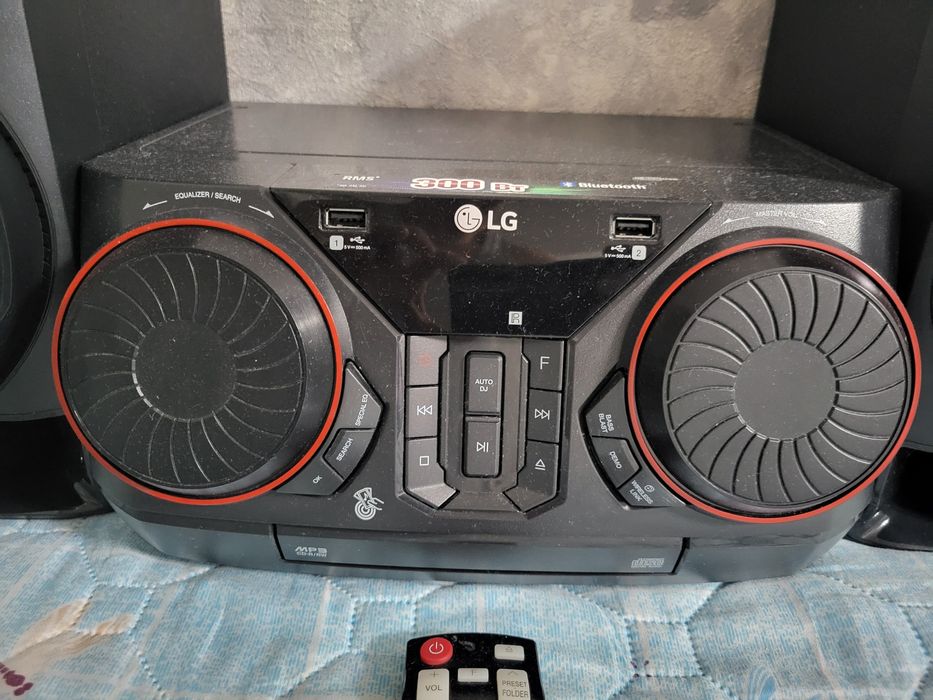 Продам музыкальный центр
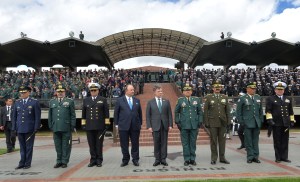 El presidente Santos respaldó completamente a las fuerzas armadas luego de la presentación de este informe. “Que no nos manchen la institución”, dijo en un acto público frente a militares este miércoles. (Crédito: Presidencia Colombia)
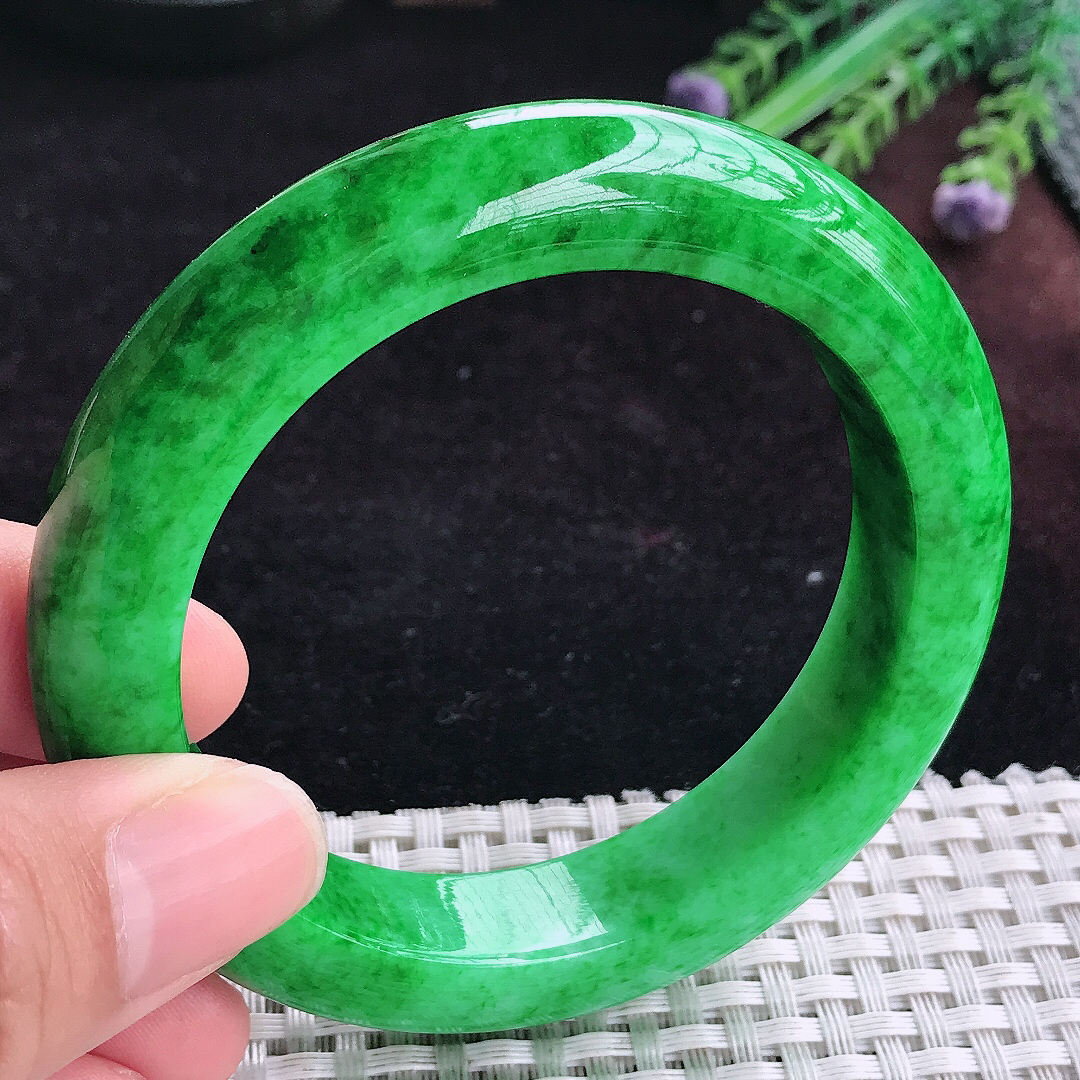 实拍A货翡翠58/13.5/10老坑精美辣阳绿满绿手镯宽边玉镯平安镯手环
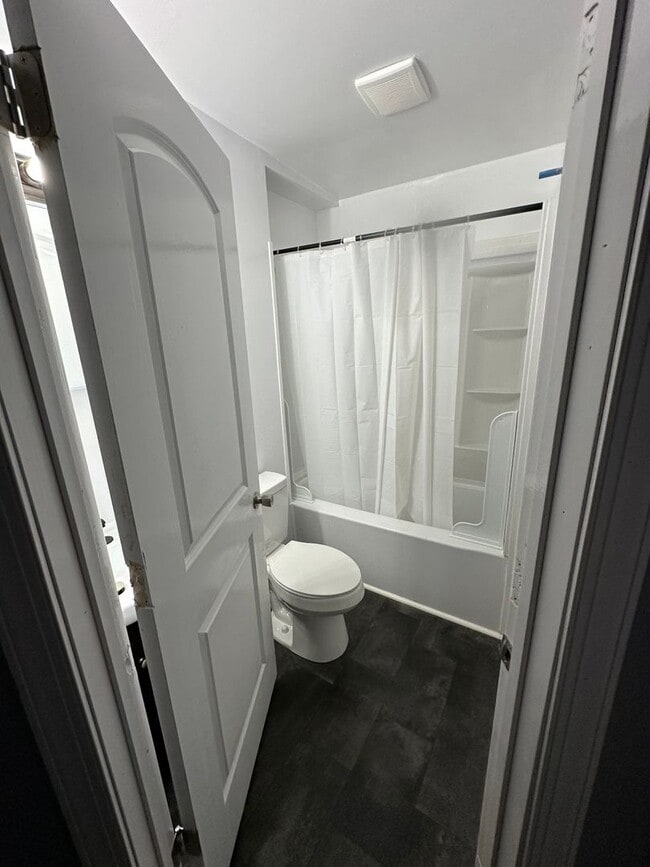 Building Photo - 3 bed 2 bath house on North Side! All electric, Central Air, laundry included, big yard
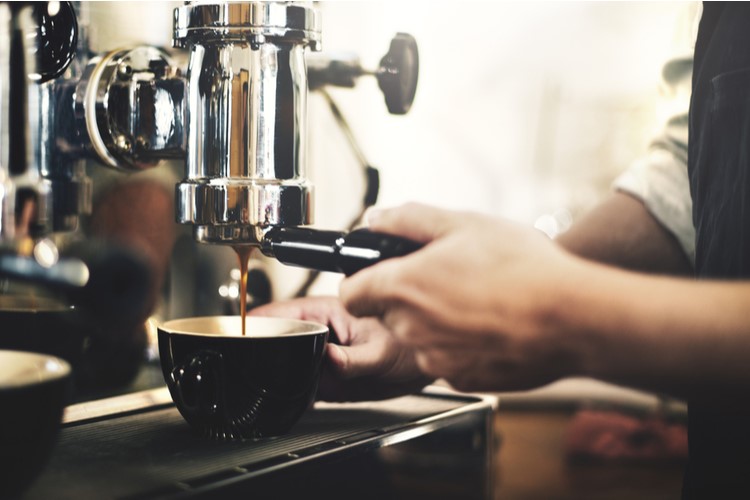カフェバイトはコーヒーが飲めないと出来ない！？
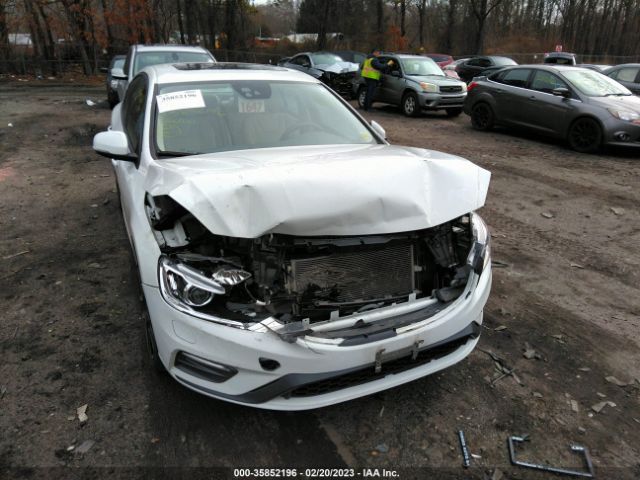 YV126MFLXJ2458340 Volvo S60 Dynamic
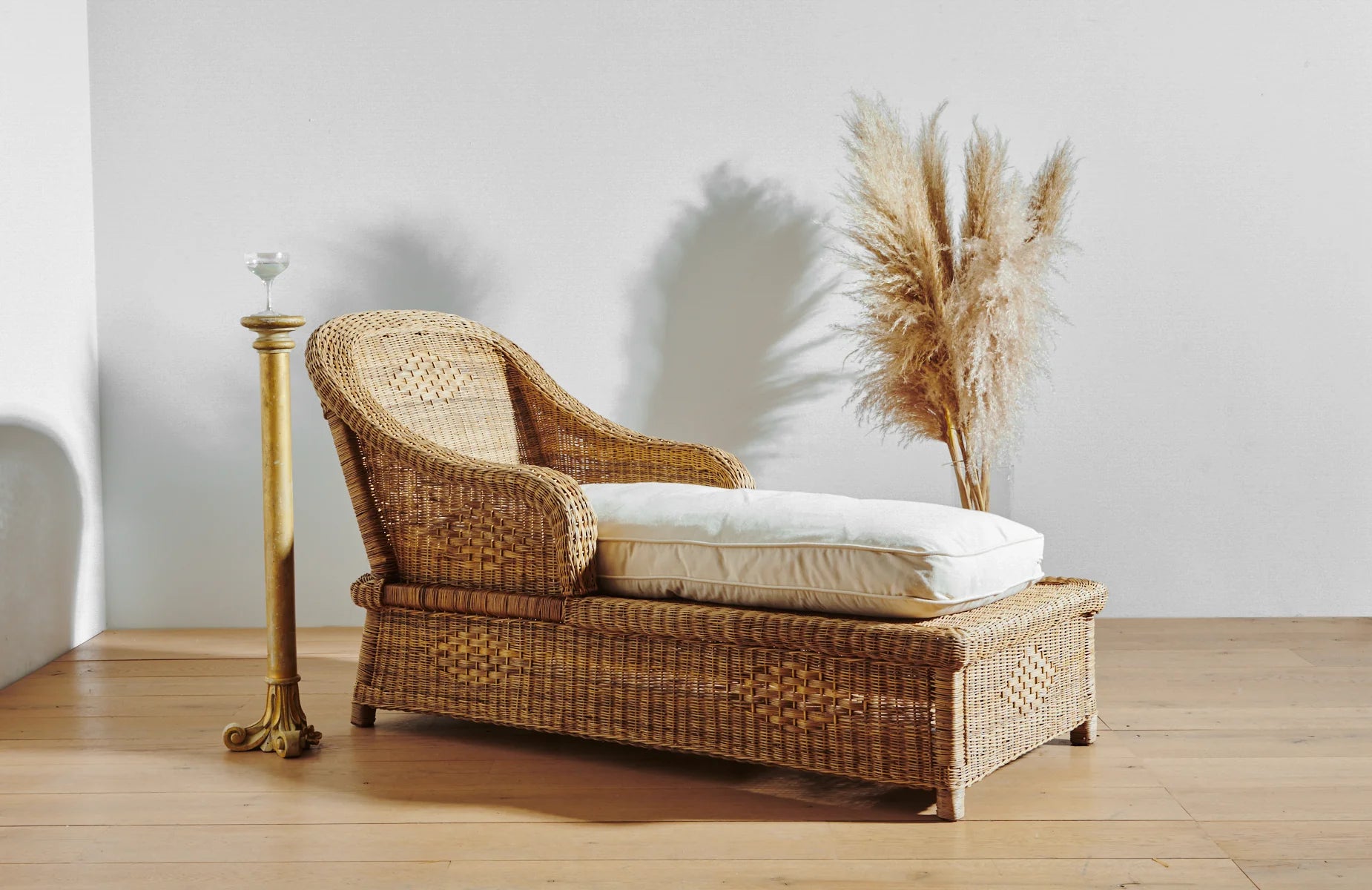 Malawi Classic Lounger with cushion outdoor patio sun bed recliner cane 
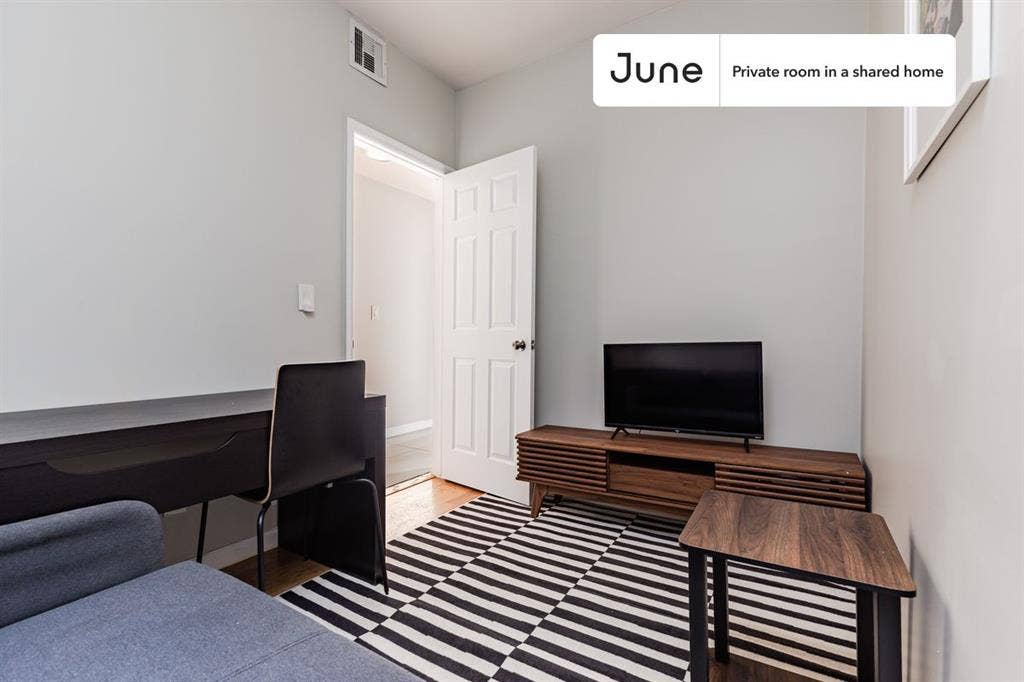 4 BR in New York City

---

**Task instructions:** Here the job is to output the lines from the top of the listing through the line holding "实拍A货翡翠58/13.5/10老坑精美辣阳绿满绿手镯宽边玉镯平安镯手环", word for word and without pictures.

**Exercise result:**
 Продам музыкальный центр
 El presidente Santos respaldó completamente a las fuerzas armadas luego de la presentación de este informe. “Que no nos manchen la institución”, dijo en un acto público frente a militares este miércoles. (Crédito: Presidencia Colombia)
 实拍A货翡翠58/13.5/10老坑精美辣阳绿满绿手镯宽边玉镯平安镯手环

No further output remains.